● Task
Output range, inclusive: from the line containing "Chaqueta de cocina" to the line containing "Mașină telecomandată LAMBORGHINI". Restate those lines from the data below word for word and only those.

● Data excerpts
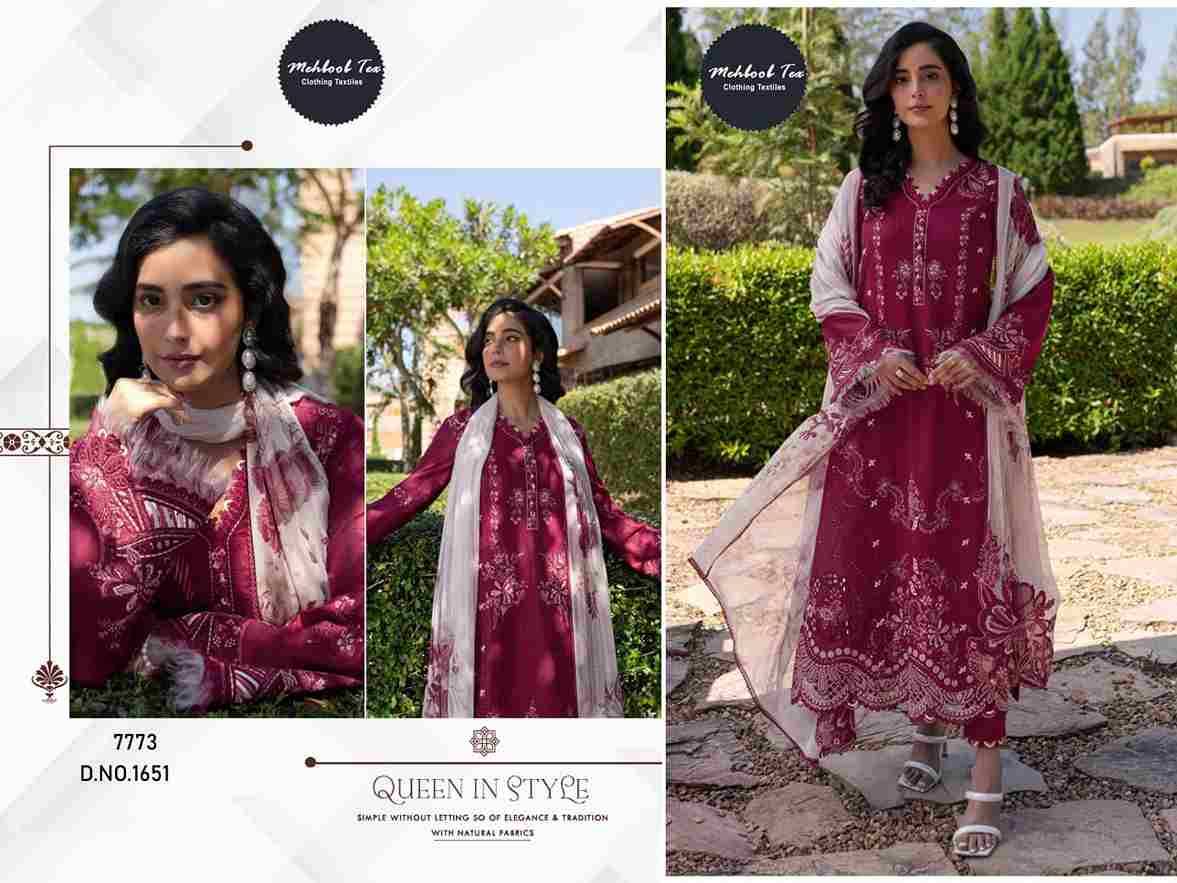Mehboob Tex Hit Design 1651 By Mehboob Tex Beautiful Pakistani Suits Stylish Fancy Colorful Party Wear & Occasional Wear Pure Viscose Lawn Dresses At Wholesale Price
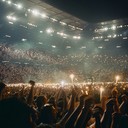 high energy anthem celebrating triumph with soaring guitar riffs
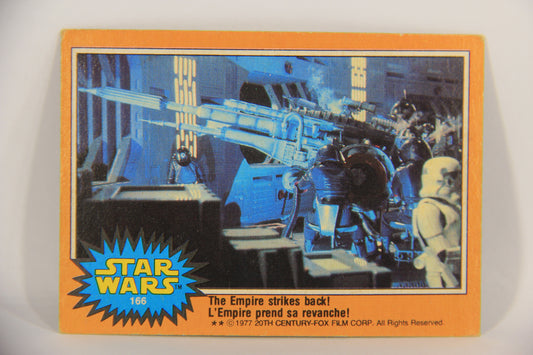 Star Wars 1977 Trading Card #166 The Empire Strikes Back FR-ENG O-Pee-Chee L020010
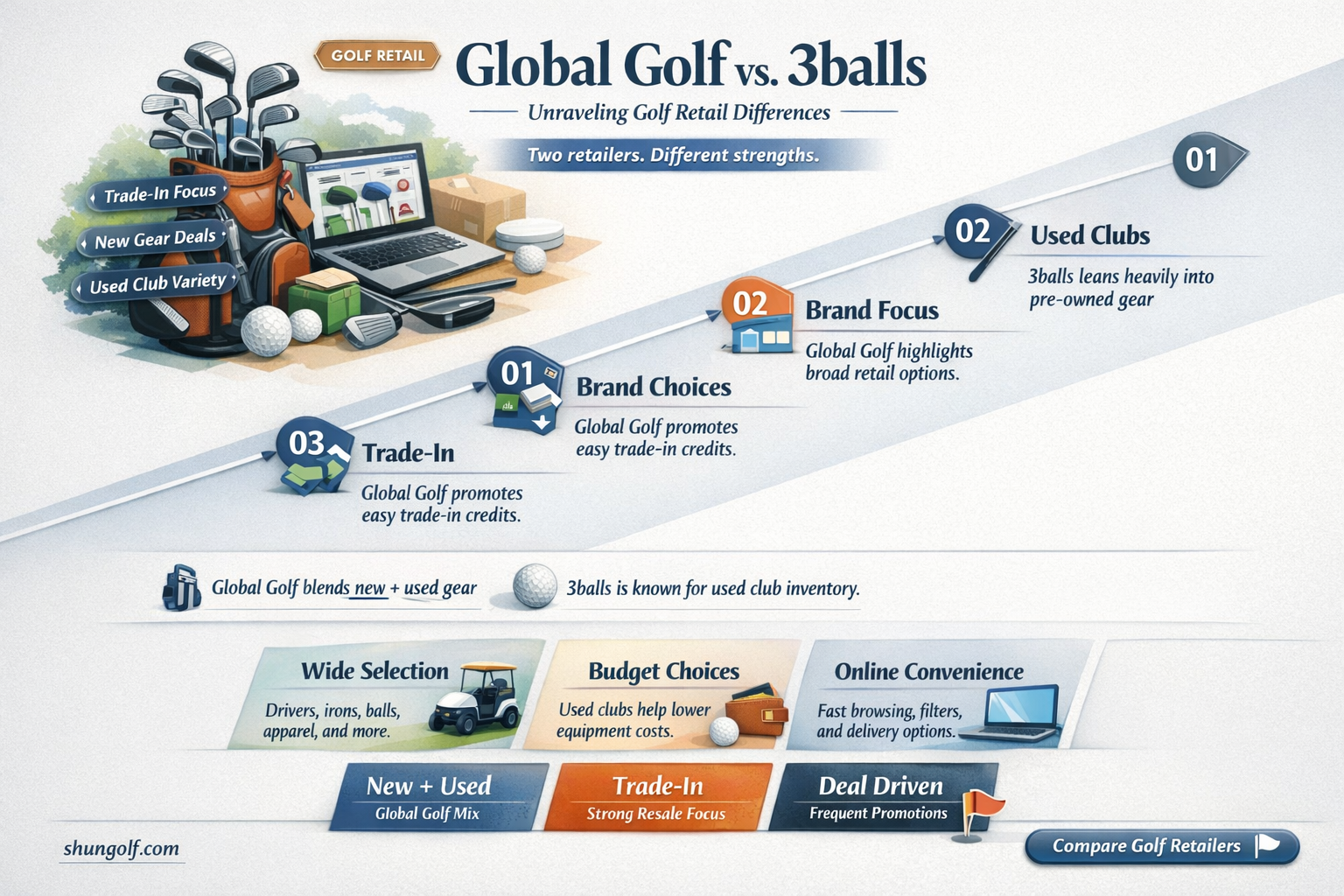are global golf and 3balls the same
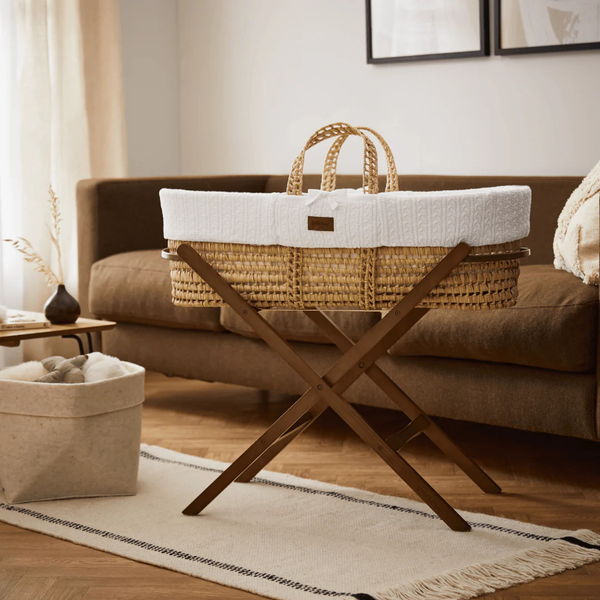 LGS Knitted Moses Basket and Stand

---

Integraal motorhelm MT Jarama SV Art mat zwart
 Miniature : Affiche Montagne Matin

==

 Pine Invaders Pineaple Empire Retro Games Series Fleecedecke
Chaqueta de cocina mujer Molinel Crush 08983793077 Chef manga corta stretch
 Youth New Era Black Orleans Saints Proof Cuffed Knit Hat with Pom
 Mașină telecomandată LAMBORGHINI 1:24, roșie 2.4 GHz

● Solution for this exercise
Chaqueta de cocina mujer Molinel Crush 08983793077 Chef manga corta stretch
 Youth New Era Black Orleans Saints Proof Cuffed Knit Hat with Pom
 Mașină telecomandată LAMBORGHINI 1:24, roșie 2.4 GHz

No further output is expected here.